--- Data excerpts ---
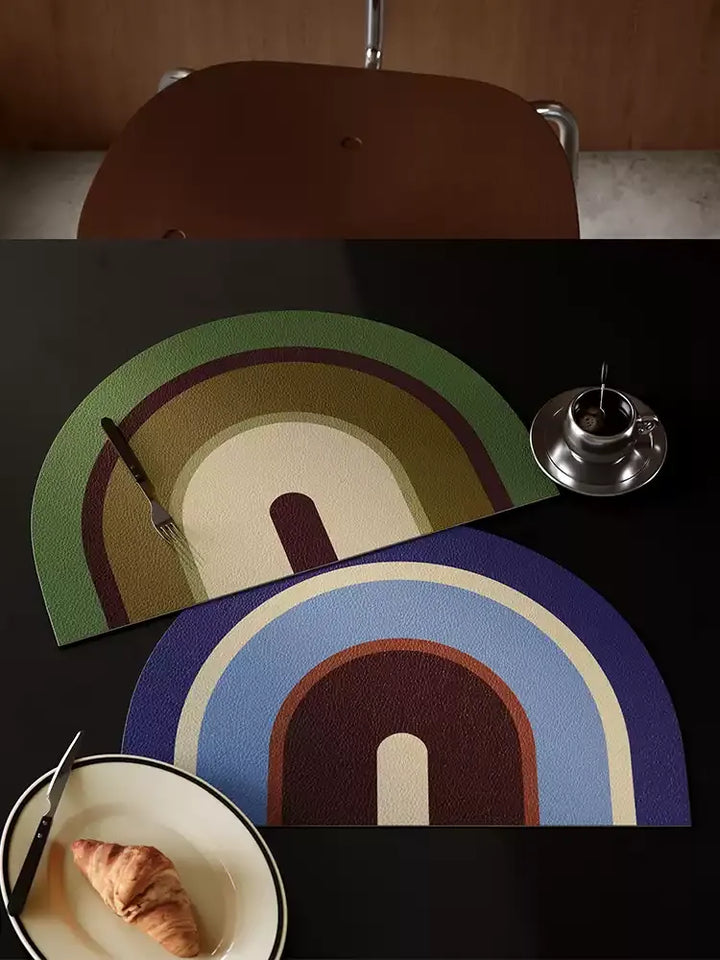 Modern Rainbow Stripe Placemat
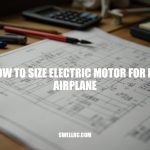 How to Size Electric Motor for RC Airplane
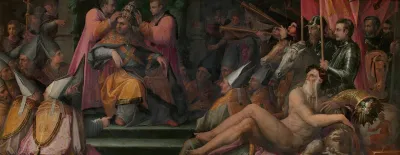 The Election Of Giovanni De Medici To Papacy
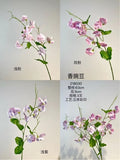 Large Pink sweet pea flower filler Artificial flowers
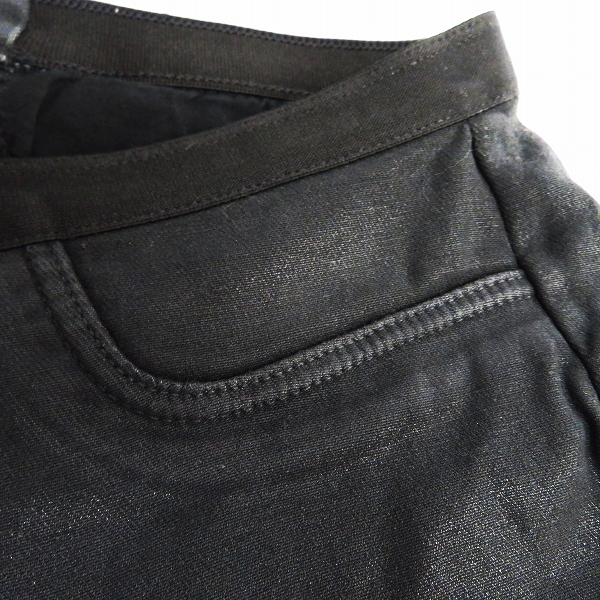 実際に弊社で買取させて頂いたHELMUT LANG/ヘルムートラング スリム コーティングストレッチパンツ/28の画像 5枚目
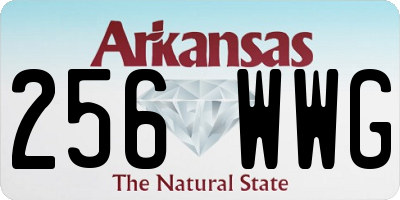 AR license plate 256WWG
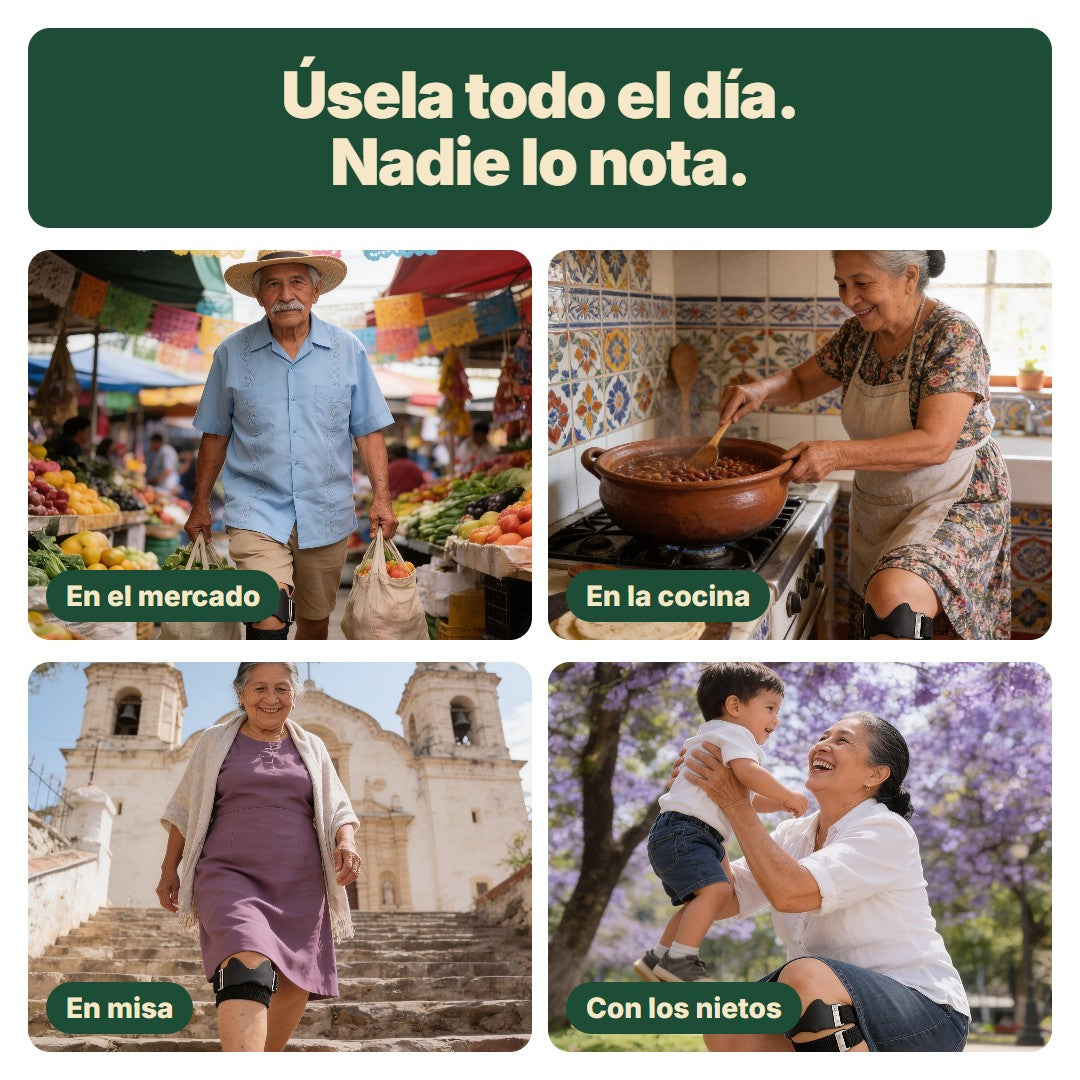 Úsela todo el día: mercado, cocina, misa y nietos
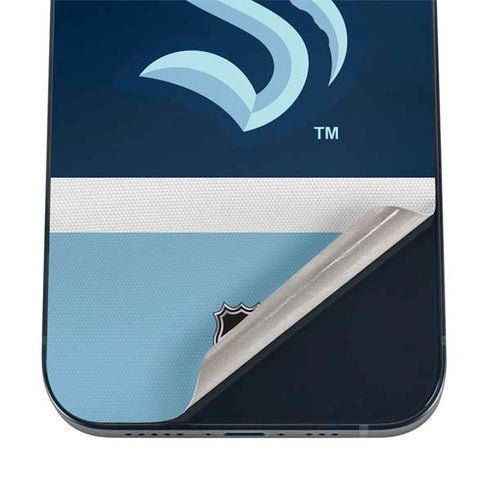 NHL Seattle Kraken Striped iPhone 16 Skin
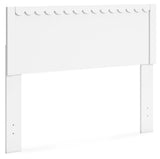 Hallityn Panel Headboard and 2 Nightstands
---
- Task prompt: Everything from the line holding "Large Pink sweet" to the close of the records should be written out exactly, both ends included, with pictures omitted.

- Result of the task:
 Large Pink sweet pea flower filler Artificial flowers
 実際に弊社で買取させて頂いたHELMUT LANG/ヘルムートラング スリム コーティングストレッチパンツ/28の画像 5枚目
 AR license plate 256WWG
 Úsela todo el día: mercado, cocina, misa y nietos
 NHL Seattle Kraken Striped iPhone 16 Skin
 Hallityn Panel Headboard and 2 Nightstands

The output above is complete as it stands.